● YOUR GOAL: Copy the data precisely, character for character, and leave out every picture.

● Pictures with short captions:
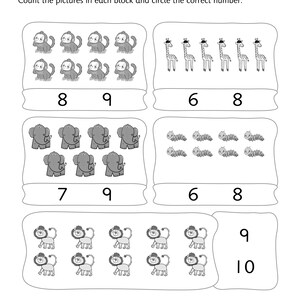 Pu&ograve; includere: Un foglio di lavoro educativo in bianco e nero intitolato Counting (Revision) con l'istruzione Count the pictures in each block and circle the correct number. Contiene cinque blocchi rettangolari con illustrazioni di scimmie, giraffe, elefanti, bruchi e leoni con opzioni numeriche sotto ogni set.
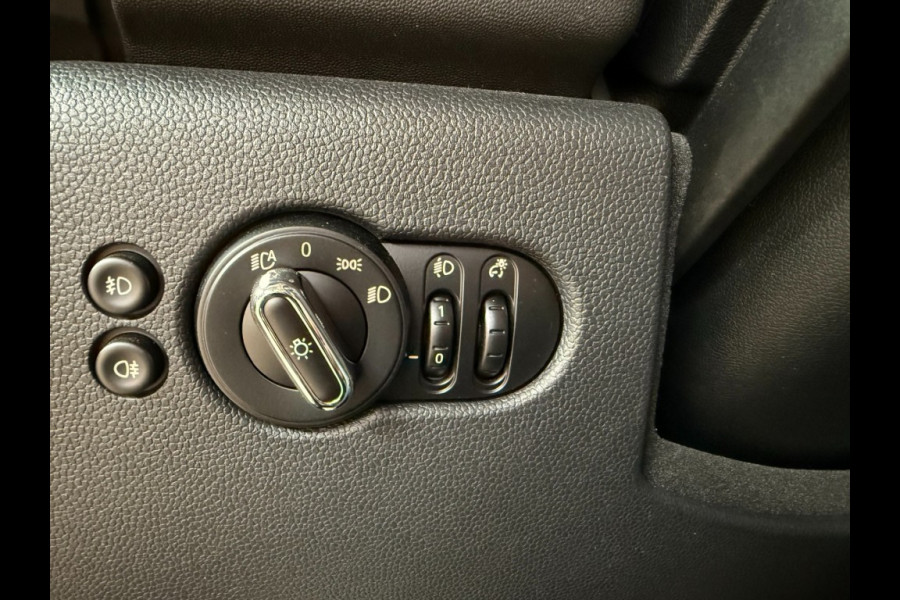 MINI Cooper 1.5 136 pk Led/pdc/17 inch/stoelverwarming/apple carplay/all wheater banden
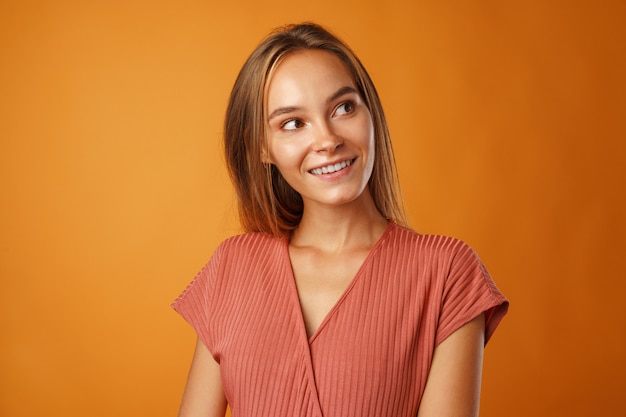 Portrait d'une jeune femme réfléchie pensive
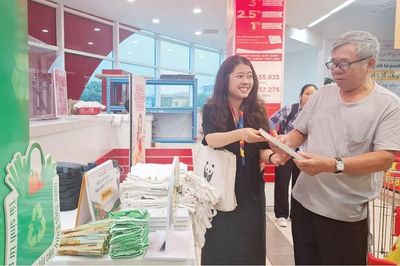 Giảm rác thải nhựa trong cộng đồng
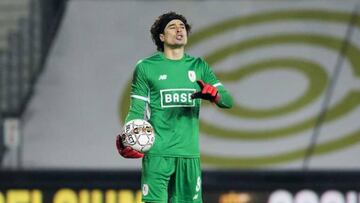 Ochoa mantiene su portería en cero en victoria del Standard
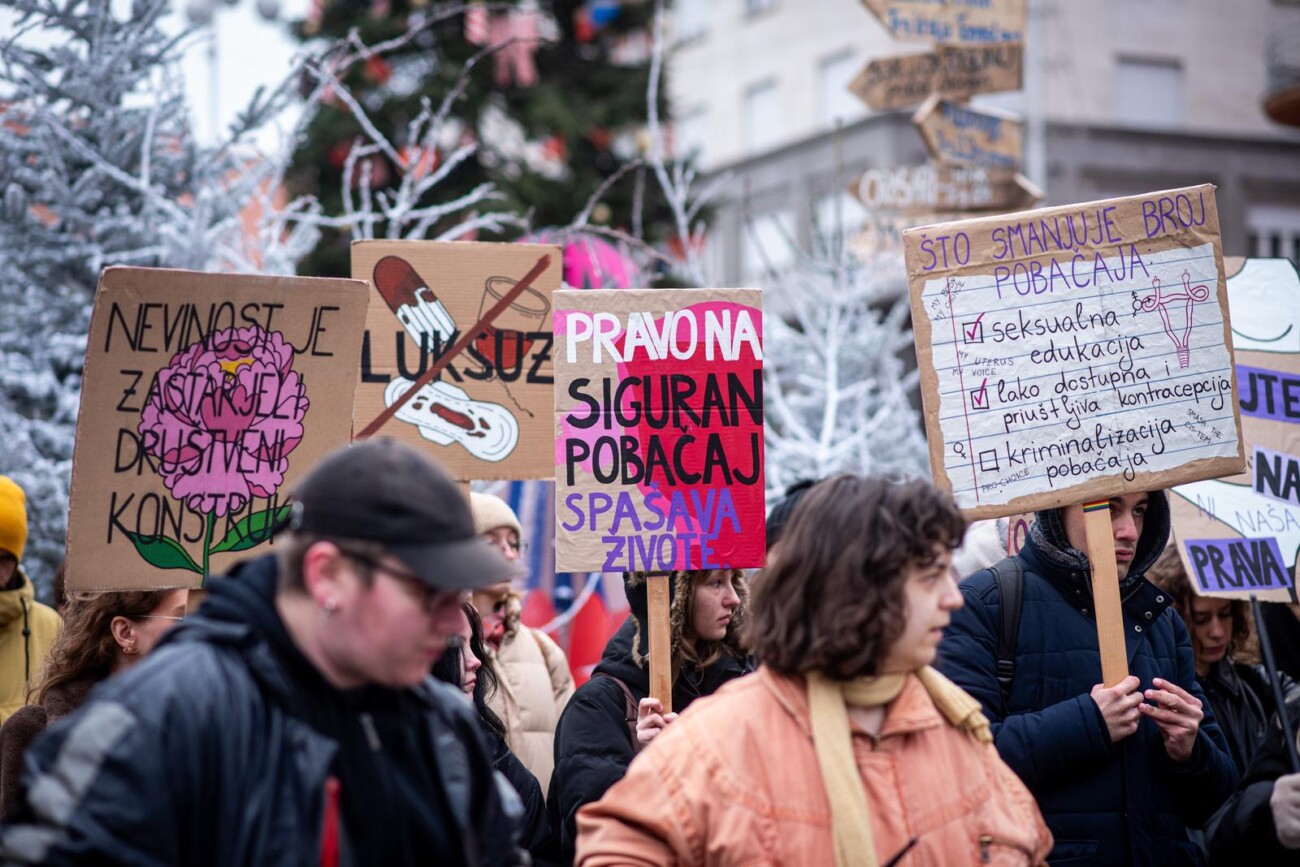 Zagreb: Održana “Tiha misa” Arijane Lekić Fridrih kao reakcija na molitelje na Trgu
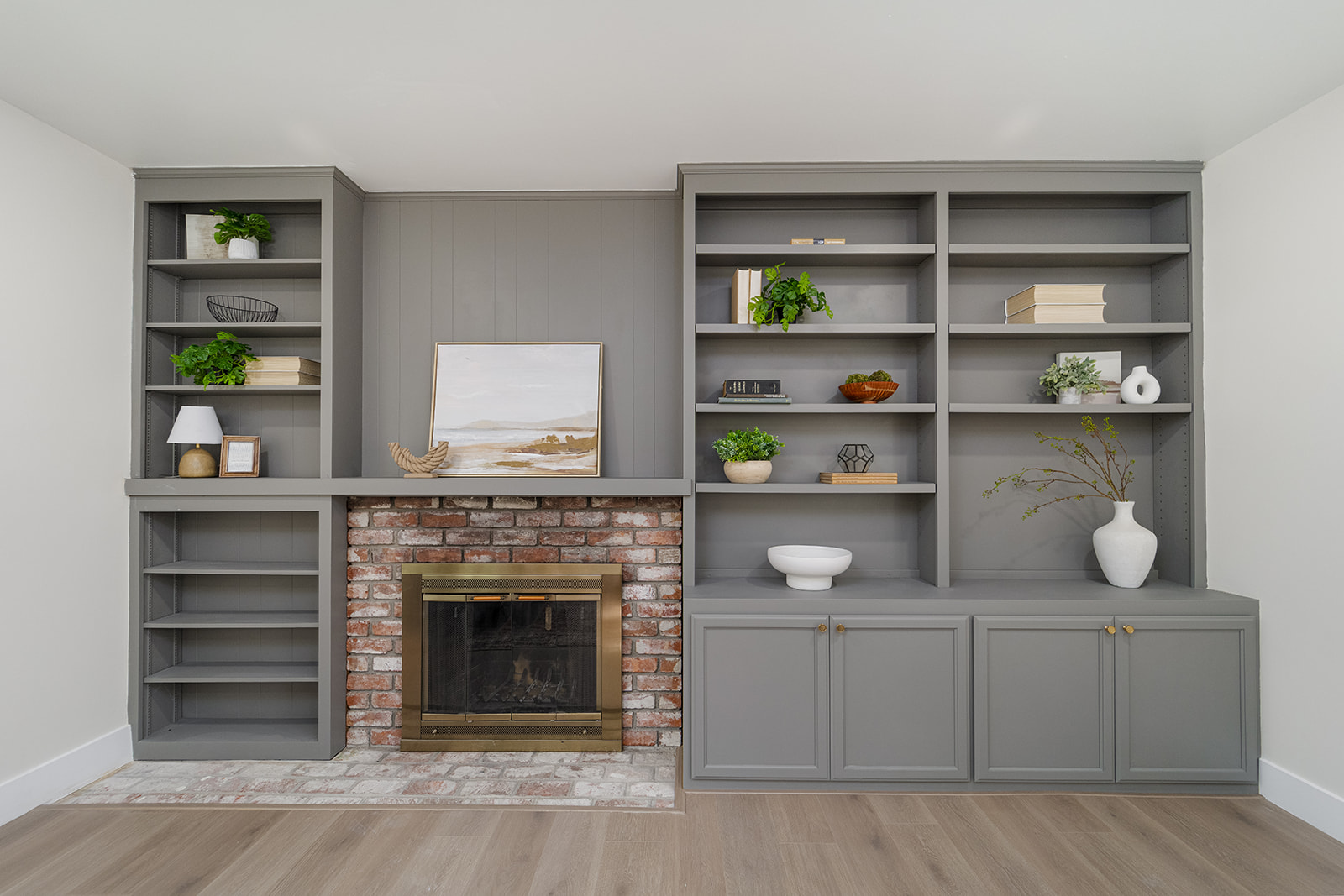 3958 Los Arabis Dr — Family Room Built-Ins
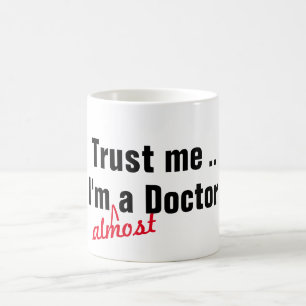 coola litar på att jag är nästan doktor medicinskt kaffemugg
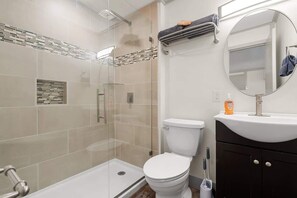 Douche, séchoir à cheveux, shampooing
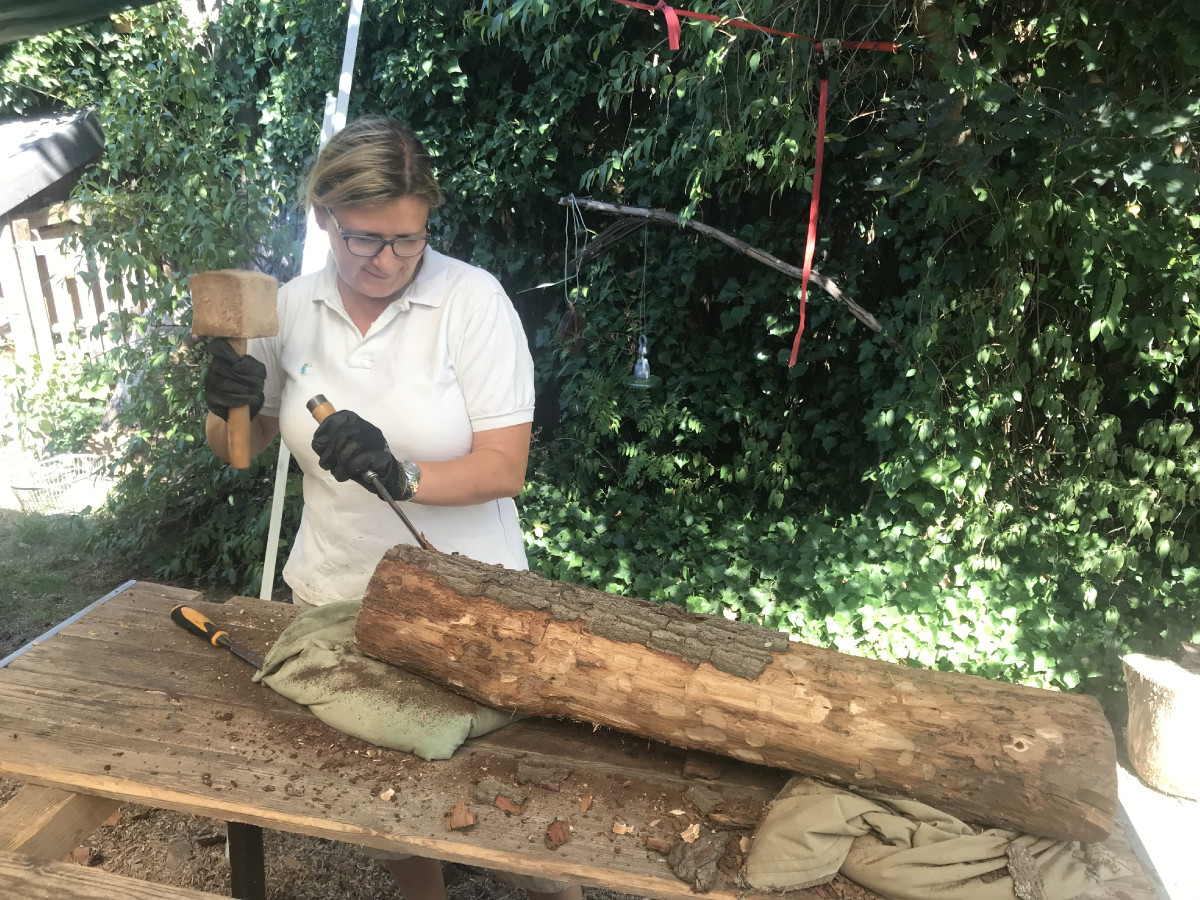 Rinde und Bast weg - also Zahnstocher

● RESPONSE AREA:
 Pu&ograve; includere: Un foglio di lavoro educativo in bianco e nero intitolato Counting (Revision) con l'istruzione Count the pictures in each block and circle the correct number. Contiene cinque blocchi rettangolari con illustrazioni di scimmie, giraffe, elefanti, bruchi e leoni con opzioni numeriche sotto ogni set.
 MINI Cooper 1.5 136 pk Led/pdc/17 inch/stoelverwarming/apple carplay/all wheater banden
 Portrait d'une jeune femme réfléchie pensive
 Giảm rác thải nhựa trong cộng đồng
 Ochoa mantiene su portería en cero en victoria del Standard
 Zagreb: Održana “Tiha misa” Arijane Lekić Fridrih kao reakcija na molitelje na Trgu
 3958 Los Arabis Dr — Family Room Built-Ins
 coola litar på att jag är nästan doktor medicinskt kaffemugg
 Douche, séchoir à cheveux, shampooing
 Rinde und Bast weg - also Zahnstocher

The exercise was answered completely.